2006-06-14 Thread Jonathan Gilbert
At 11:04 PM 13/06/2006 -0700, Rafael Ferreira wrote:
Howdy, 

The attached patch changes the current Threading.Timer class to use a
single thread scheduler instead of the current 1 thread per timer logic.
I also spent a lot of time working on the Timer unit tests so they more
consistently pass as well as fixing the NotWorking tests. 
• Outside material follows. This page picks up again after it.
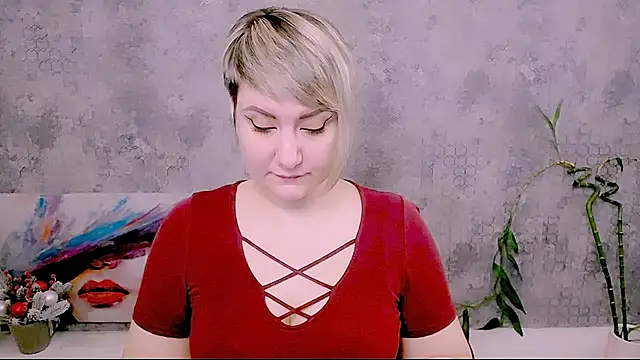 Snapshot of Djullia chatting on December 18, 2025, 6:19 am Djullia online show from December 18, 2025, 6:19 am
Some key features include:

* A single thread handles firing all timer jobs thus allowing a much
greater number of Timers to be defined - Fixing bug #65734
* Timer scheduler is only started after the first System.Threading.Timer
is created (lazy init)
* Timer scheduler thread dies if there are no more timer jobs in its Job
queue (early termination)
* Scheduler can spit out debug info by exporting the MONO_TIMER_DEBUG
environment variable

One thing that gets me about the design is the way that timer events are
marshalled to a different thread (in the thread pool) in order to be fired.
Obviously, you don't want synchronous callbacks from a single thread for
all timers, but perhaps a timer thread pool, each of which handling a
subset of the timers, would be a viable alternate design. With a limit of,
say, 100 scheduler threads, up to 100 timers could be created without any
chance of interference, and after that point, the threads would be reused
instead of overloading the system with thousands of threads. The threads
could even switch from synchronous callbacks when they are handling only a
single timer to asynchronous thread pool callbacks when their
responsibilities increase.

If we accept the single-thread thread-pool-callback design, though, I have
the following comments on the implementation:

1. A heap structure is very easy to maintain, and would be a significantly
more efficient way to find the next event to be fired. You have comments
that acknowledge the deficiency of looping over the entire set every time,
and I think this would be the logical next step in this.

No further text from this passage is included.